While there can be legitimate debate about the decision, there cannot and must not be destruction, violence, mayhem, and lawlessness resulting from the grand jury decision in Ferguson or any other place in United States. This is not who we are as a nation.
The destruction of local businesses, especially before the holiday shopping season, causes unnecessary economic pain, the loss of jobs, and the task of trying to rebuild businesses and lives. Those who loot and destroy should be made to help rebuild.
Demonstrations and protests in other distant parts of America should not be tied to a local incident that had nothing to do with jobs, wages, and work hours. These incidents again portray an America in dislocation and disarray.

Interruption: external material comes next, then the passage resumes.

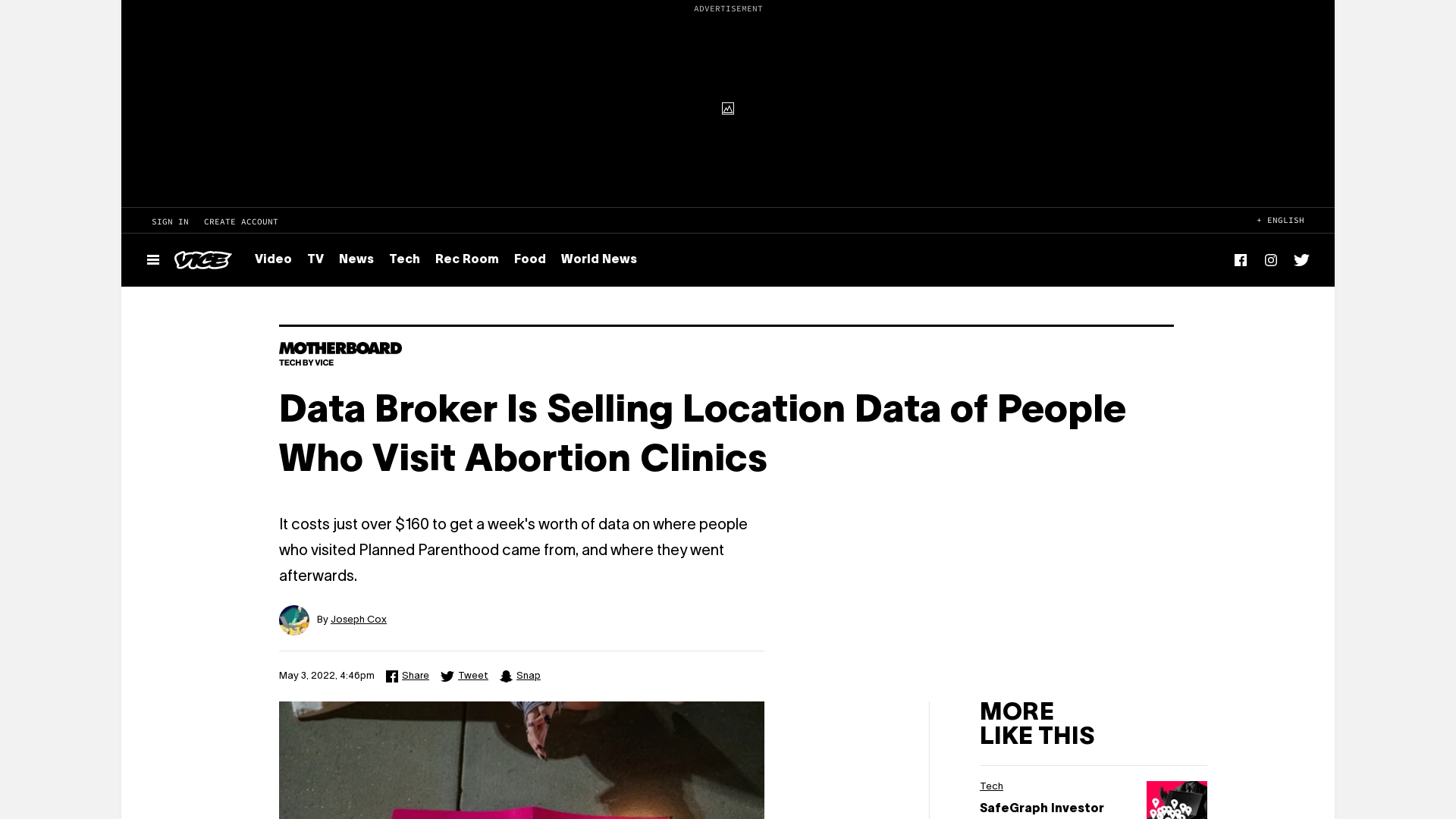 Data Broker Is Selling Location Data of People Who Visit Abortion Clinics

The current dislocation in the United States includes domestic issues, national security issues, military strength issues, and foreign policy. In this country voices of reason, voices of conciliation, voices of authority, and voices of the future need to be heard and not fall on the ears of a dislocated minority. These voices should no longer be futile voices.
Joe Lill says
Hmmm…….I wonder how Mr. Hall would describe the Boston Tea Party if it happened today?
Tina Jenkins says
The Boston Tea Party was shown to be the voice of the majority. Ferguson is a mob of attempted intimidation by a few.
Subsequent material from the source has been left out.